Historic movie theater in Wyoming, United States

The Hyart Theater was built in Lovell, Wyoming, by Hyrum "Hy" Bischoff in 1950. It is a rare Wyoming example of a cinema from the early 1950s. The building is notable for the turquoise-colored metal lattice screen that covers a pink metal facade, as well as for its tall neon pylon sign.

The Bischoff family was part of a Mormon group sent from Fountain Green, Utah, to settle in the Big Horn Basin of Wyoming. Dan Bischoff (1870-1936) bought the Armada Theater in Lovell in 1913 and converted it into a cinema. His son Hy took over the business on his father's death and operated two Armada theaters. Determining to build a new cinema, Hy toured the mountain states region looking at other cinemas. The 1949 Villa Theatre in Salt Lake City particularly impressed Bischoff, and he modeled the Hyart's lobby after the Villa's. Bischoff designed his new theater and directed the construction. Owing to shortages of steel during the Korean War, Bischoff obtained salvaged rails from the mines at Bearcreek, Montana and had them fashioned into steel roof trusses.
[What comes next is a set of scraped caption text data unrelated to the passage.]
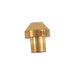 Nitrous Outlet Nitrous Outlet Flare Jets 00-00090 Autofit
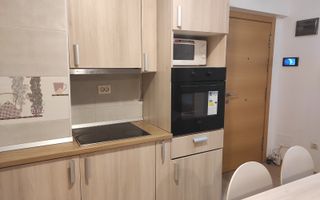 Apartament cu 2 camere langa Iulius Mall Gheorgheni - Poză 4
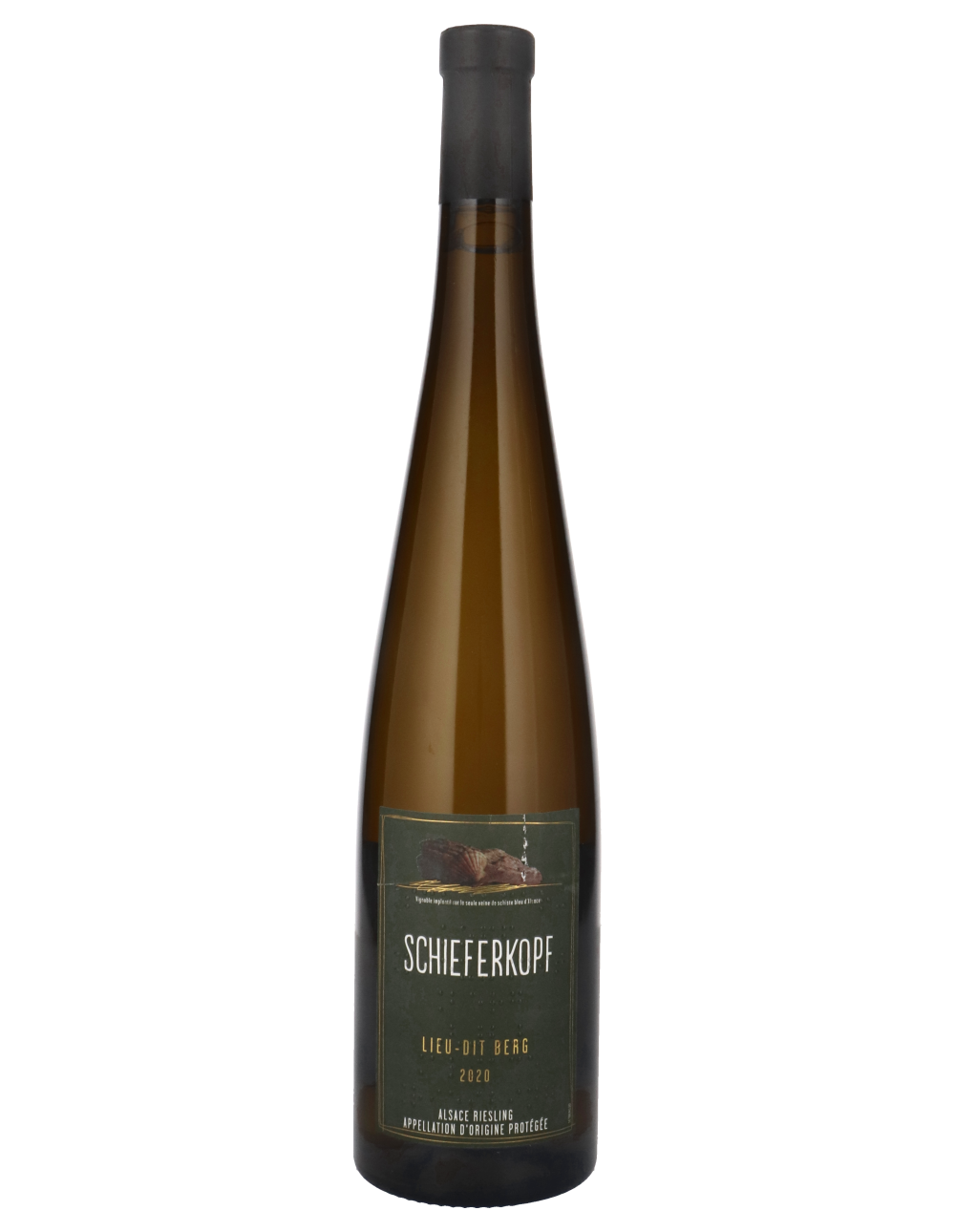 Riesling "Lieu-dit-Berg"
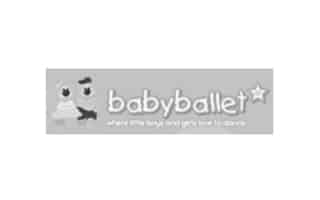 babyballet, Franchise Territory Mapping, Franchise Mapping Software, Franchise Territory Optimisation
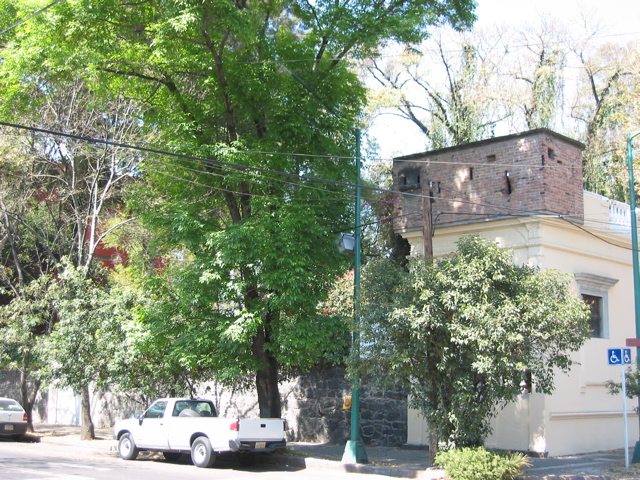 Coyoacán - 01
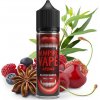Příchuť pro míchání e-liquidu Vampire Vape Blood Sukka - Shake & Vape 14 ml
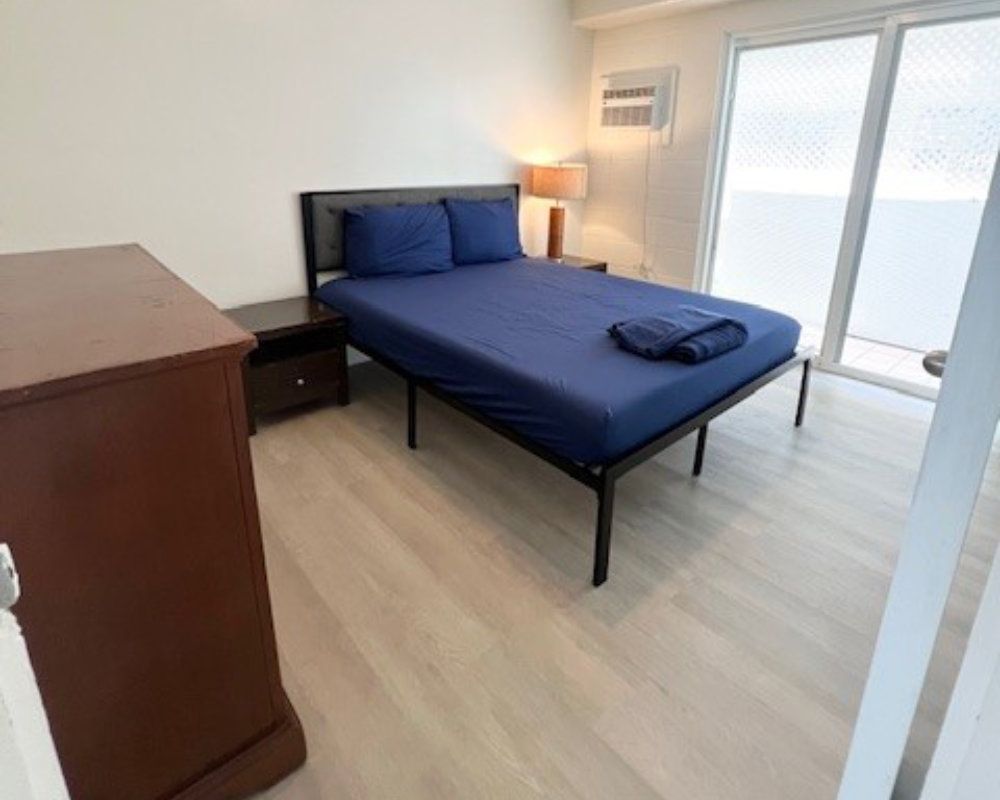 Private room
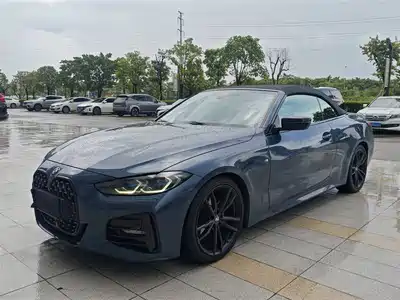 BMW 4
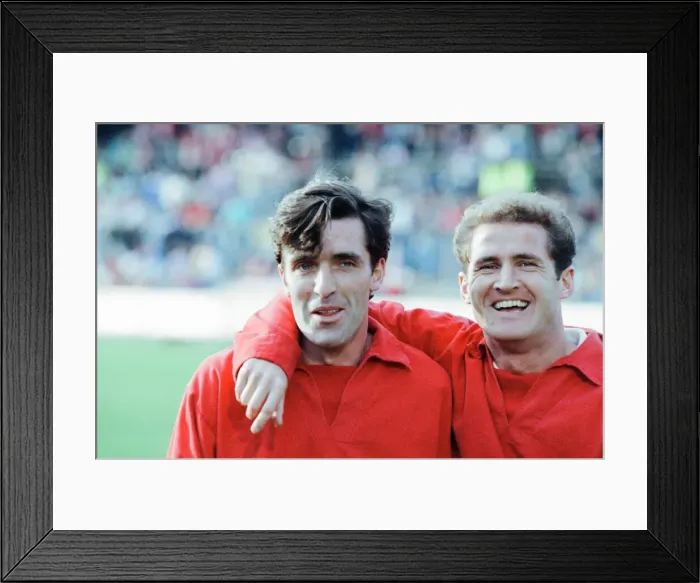 Framed Print : Notts County 1-0 Middlesbrough, League Division Two Play Off 2nd Leg match at Meadow Lane Framed Print : Notts County 1-0 Middlesbrough, League Division Two Play Off 2nd Leg match at Meadow Lane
The two-story building measures approximately 224 ft deep by 70 ft wide, facing onto Main Street. The walls are structural clay tile faced with brick, while the lower portion of the street facade is faced with small brick-like slabs of rhyolite from Idaho Falls, Idaho. The upper part of the street elevation is covered with pink sheet metal and screened by an elaborate diagonal lattice of turquoise metal. An office and apartment are located on the second floor, with eight windows behind the lattice. Pink neon lights outline the facade behind the lattice. A tall pylon features a neon-lighted artist's palette and the word HYART at a right angle to the street.

The interior features the original carpeting and painted scrollwork above paneling. Originally seating 1001, the Hyart now seats 940, including a balcony with more than 200 seats. The theater includes a soundproof "crying room" for parents with crying babies.

In 1960 Hy's daughter Loretta took over the management of the theater. Hy died in 1988 and Loretta closed the theater in 1992. The Hyart was re-opened by a community group in 2004.

The Hyart was listed on the National Register of Historic Places in 2008.